Peter Praet: Interview in L'Opinion

Interview with Mr Peter Praet, Member of the Executive Board of the European Central Bank, in L'Opinion, conducted by Mr Luc de Barochez on 15 September 2016, and published on 20 September 2016.

Growth is flat, unemployment is high, deficits are large, reforms have stalled... To what extent is France a concern for the European Central Bank?

Unlike many other EU countries, France has come through the financial crisis relatively unscathed. It has also not experienced a sovereign debt crisis. Yet, despite conditions not being too bad, the French economy remains surprisingly subdued and the gloomy mood persists. Successive governments have shown that they are willing to introduce structural reforms. And some reforms have indeed been implemented. But we are seeing significant difficulties in pushing them through. The biggest concern is the job market, in particular youth unemployment. The government has clearly realised that it is harder to do business in France than other countries, such as Germany or Belgium. This is due to labour relations, among other things. Which is why the reforms to the labour law, to facilitate company-wide agreements, are a step in the right direction.

What is the most important solution for a country like France? Policies to increase competitiveness or prioritising a reduction in the government deficit?

Both are important. Our message is that debt must remain sustainable.
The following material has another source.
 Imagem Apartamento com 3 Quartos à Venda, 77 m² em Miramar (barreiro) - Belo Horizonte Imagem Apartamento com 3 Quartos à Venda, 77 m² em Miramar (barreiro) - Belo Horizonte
But it isn't just a question of the absolute value of the debt. The quality of public finances is key. Take healthcare spending. A country that spends less in this area can sometimes offer higher-quality care than a country that spends far more. On the other hand, if debt sustainability can be improved by a certain reform, perhaps some small measure of budget flexibility might be given to facilitate the implementation of this reform. This sort of flexibility is accepted by the European Commission. But often budget flexibility is granted and then there's a problem following up on the reform!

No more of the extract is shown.